L’ESEMPIO DELLE PATOLOGIE BANCARIE
Il decennale della crisi dei subprime, scoppiata nell’agosto del 2007, è stata l’occasione per Milano Finanza per notare come sia cambiato il sistema bancario italiano. Dieci anni fa, il roe, ovvero il return on equity, era pari al 13%, gli impieghi crescevano del 10% e le sofferenze ammontavano a circa il 2% dei crediti. Carige pagava a Intesa Sanpaolo quasi 13 milioni di euro a filiale, mentre Mps acquistava Antonveneta per 9 miliardi di euro e la banca toscana produceva un utile di un miliardo l’anno. Il quotidiano finanziario ricorda che tuttavia le cose hanno cominciato a cambiare abbastanza in fretta, perché già alla fine del 2007 i risultati economici delle banche cominciarono a essere penalizzati dall’aumentato costo del funding.
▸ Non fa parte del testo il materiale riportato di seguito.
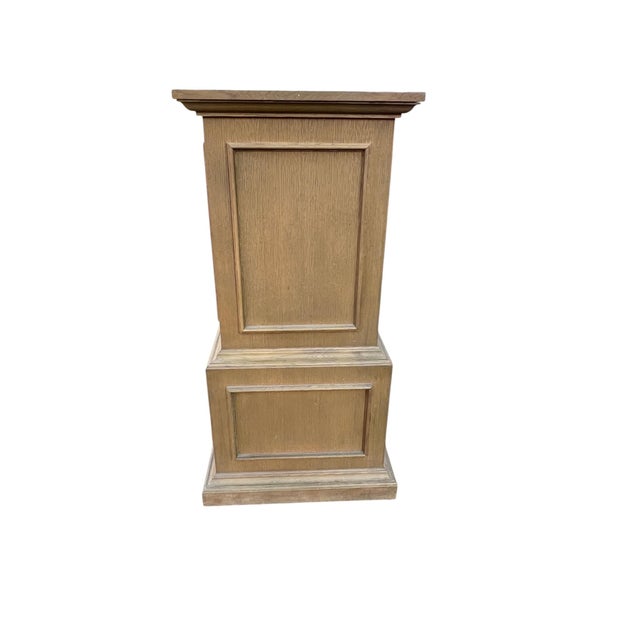 Large Pedestal Restoration Hardware For Sale - Image 14 of 18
Del resto il cosiddetto mercato interbancario aveva cominciato a far circolare meno liquidità, dato che si cominciavano a nutrire timori sull’effettiva solidità della controparte. Così la prima risposta fu quella di cominciare a restringere il credito, anche perché la crisi internazionale cominciava a farsi più grave. Milano Finanza indica poi in Montepaschi l’esempio migliore delle “patologie italiane”. Infatti dopo l’operazione di Antonveneta è iniziato un avvitamento che in pochi anni ha comportato un esborso superiore ai 16 miliardi di euro per azionisti e contribuenti, con una montagna di crediti deteriorati pari a 28 miliardi. Alla fine si è dovuti arrivare alla nazionalizzazione, che forse si sarebbe dovuta realizzare prima. I danni e i costi, si dice, sarebbero stati inferiori.